As part of the optimization process for the low-level features, we investigated the use of difference coding techniques in addition to conventional coding methods. Because the information captured by difference coding is somewhat complementary to the information produced by the traditional BOW, we anticipated an improvement in performance. We conducted experiments to compare the performance of difference coding techniques with conventional feature coding techniques.

The remaining challenge is finding the best method for combining the multiple bags-of-words in the event-detection decision process. The most common approach is to apply late fusion methods [3, 5, 17] in which the results for each data type are combined by fusing the decision scores from multiple event classifiers. This is a straightforward way of using the information from all data types in proportion to their relative contribution to event detection on videos with widely diverse content. We evaluated the performance of several fusion methods.

The work described in this paper focused on evaluating the various data types and fusion methods for MED. Our approach for example-based MED, including methods for content extraction and fusion, is described in Sect. 2. Experimental results are described in Sect. 3, and Sect. 4 contains a summary and discussion.

All the experiments for evaluating the performance of the MED capability were performed using the data provided in the TRECVID MED evaluation task. The MED evaluation uses the Heterogeneous Audio Visual Internet Collection (HAVIC) video data collection [18], which is a large corpus of Internet multimedia files collected by the Linguistic Data Consortium.

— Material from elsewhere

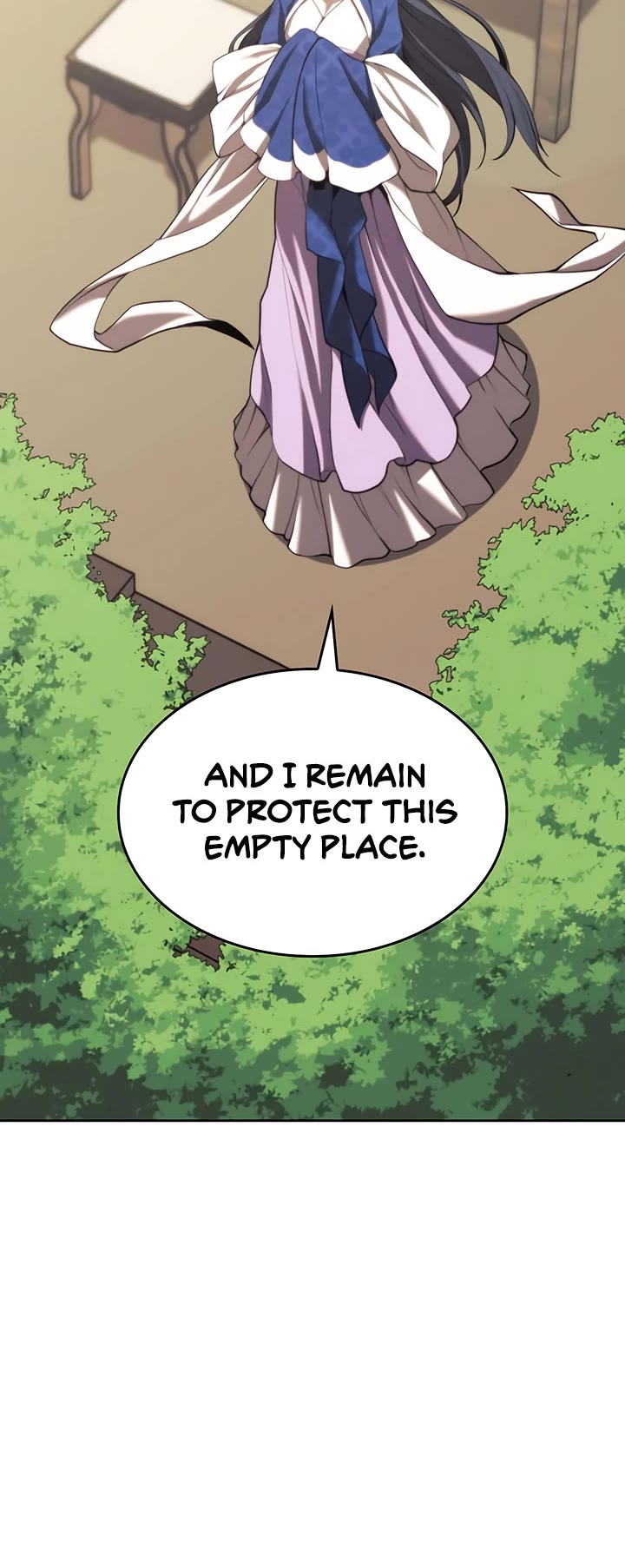Tale of a Scribe Who Retires to the Countryside Chapter 125 page 9 - Chapter 125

Approach for example-based MED

The work in this paper focuses on SEarch with Speed and Accuracy for Multimedia Events (SESAME), an MED system in which an event is specified as a set of video clip examples. A supervised learning process trains an event model from positive and negative examples, and an event classifier uses the event model to detect the targeted event. An event classifier was built for each data type. The results of all the event classifiers were then combined by fusing their decision scores. An overview of the SESAME system and methods for event classification and fusion are described in the following sections.

SESAME system overview

The major components of the SESAME system are shown in Fig. 3. A total of nine event classifiers generate event detection decision scores: two based on low-level visual features, three based on low-level motion features, one based on low-level audio features, two based on visual concepts, and one based on ASR. The outputs of the event classifiers are combined by the fusion process.

Fig. 3
figure 3

Major components of the SESAME system

Figure 4 shows the processing blocks within each event classifier. Each event classifier operates on a single type of data and includes both training and event classification. Content is extracted from positive and negative video examples, and the event classifier is trained, resulting in an event model. The event model produces event detection scores when it is applied to a test set of videos. Figure 4 does not show off-line training and testing to optimize the parameter settings for the content extraction processes.

Fig. 4
figure 4

Example-based event classifier for MED

Content extraction methods

This section describes the feature coding and aggregation methods that were common to the low-level features and the content extraction methods for the different data types: low-level visual features, low-level motion features, low-level audio features, high-level visual features, and ASR.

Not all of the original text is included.